- Kabul location
- Location: Kabul, Afghanistan
- Date: August 7, 2015 1:17 am local time
- Attack type: Suicide bombings, Firefights
- Deaths: 50+ (including at least one perpetrator)
- Injured: 500+
- Perpetrators: Taliban

= 7 August 2015 Kabul attacks =

Terrorist attack in Afghanistan

A series of bombings in central Kabul on 7 August 2015 caused approximately 50 deaths and several hundred injuries. The attacks were ascribed to the Taliban and were the first major attacks mounted by that group since the death of their chief Mullah Omar.

The first explosion was a truck bomb, occurring at 1:17 am local time near an Afghan army base in the impoverished district of Shah Shaheed (District 8), killing at least 15 and injuring more than 240, mostly civilians.

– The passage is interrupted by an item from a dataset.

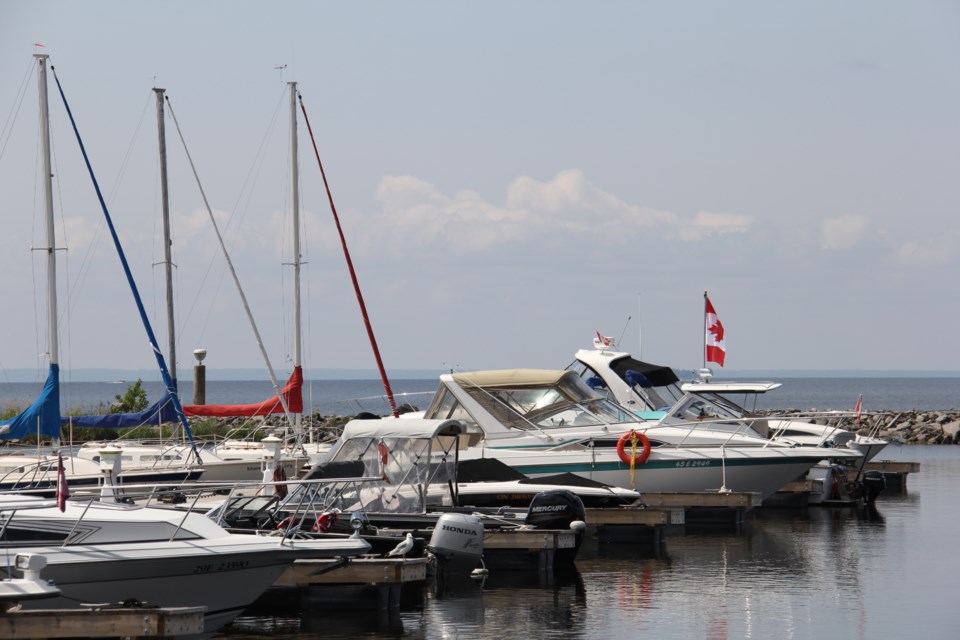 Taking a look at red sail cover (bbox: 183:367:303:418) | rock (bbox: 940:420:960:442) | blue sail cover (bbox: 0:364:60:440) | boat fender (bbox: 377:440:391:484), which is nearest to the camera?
boat fender (bbox: 377:440:391:484)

Later, a suicide attacker in army dress joined a queue of police trainees waiting to be searched at the entrance to the Kabul police academy and blew himself up, resulting in the death of at least 20 cadets and injury to at least 20 more. The incident occurred when cadets were returning to the academy after their two-day weekend, marking a serious breach of security at a premier training institute for Afghan security forces. The Taliban claimed responsibility for this attack.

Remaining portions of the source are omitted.